*** Block opens ***

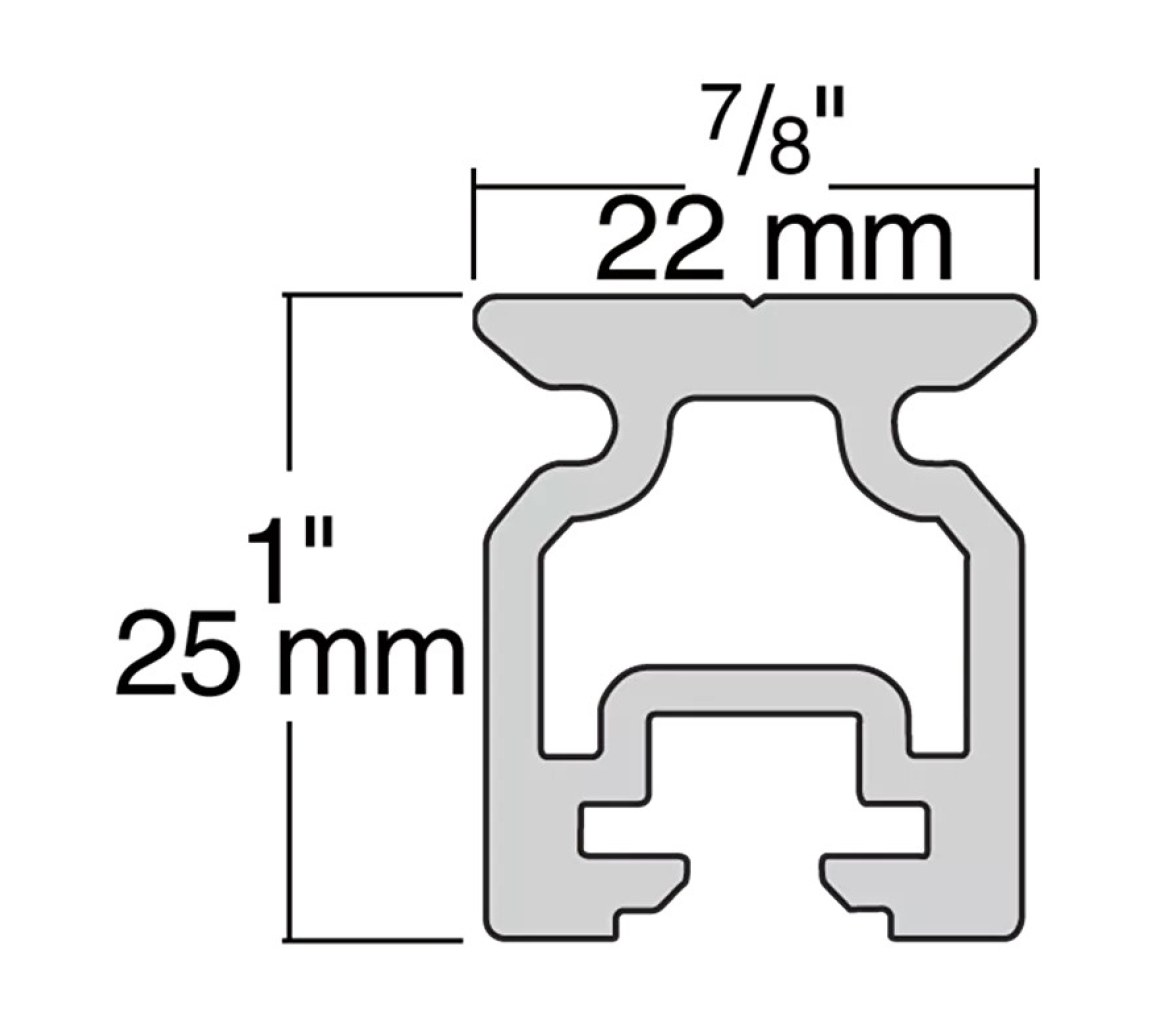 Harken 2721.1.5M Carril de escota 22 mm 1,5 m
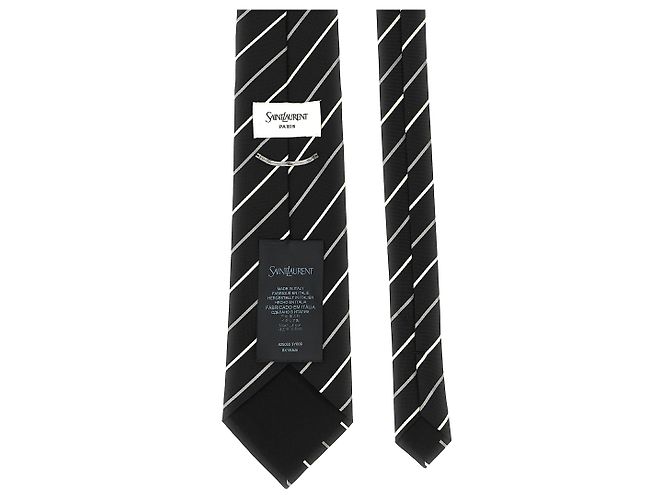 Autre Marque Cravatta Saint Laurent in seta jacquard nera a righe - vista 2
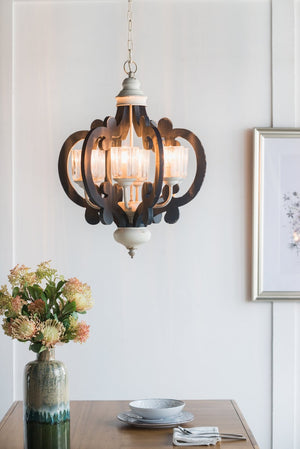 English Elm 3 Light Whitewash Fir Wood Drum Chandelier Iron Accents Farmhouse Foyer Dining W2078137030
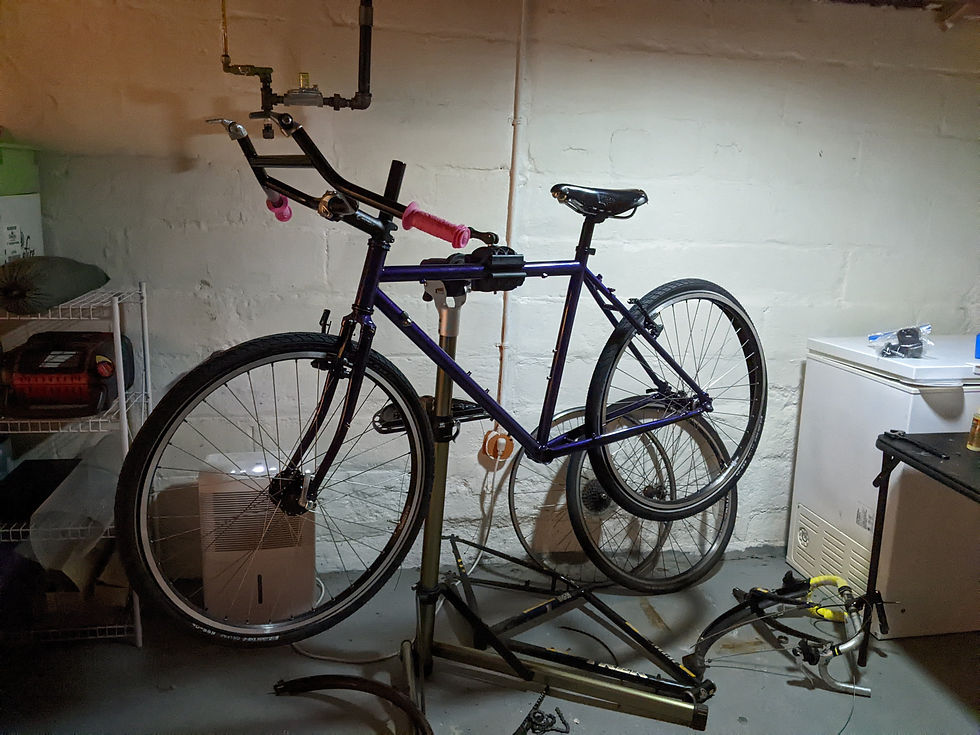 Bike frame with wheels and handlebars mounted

*** Block closes ***
*** Block opens ***

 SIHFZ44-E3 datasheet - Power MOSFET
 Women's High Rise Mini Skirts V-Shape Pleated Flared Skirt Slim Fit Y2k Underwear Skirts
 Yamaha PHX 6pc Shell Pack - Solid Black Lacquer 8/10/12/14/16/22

*** Block closes ***

▶ _Your assignment_
Output only the lines above from the one containing "Harken 2721.1.5M Carril" to the one containing "English Elm 3", both included, exactly as written and with no pictures.

▶ _Response to the task_
 Harken 2721.1.5M Carril de escota 22 mm 1,5 m
 Autre Marque Cravatta Saint Laurent in seta jacquard nera a righe - vista 2
 English Elm 3 Light Whitewash Fir Wood Drum Chandelier Iron Accents Farmhouse Foyer Dining W2078137030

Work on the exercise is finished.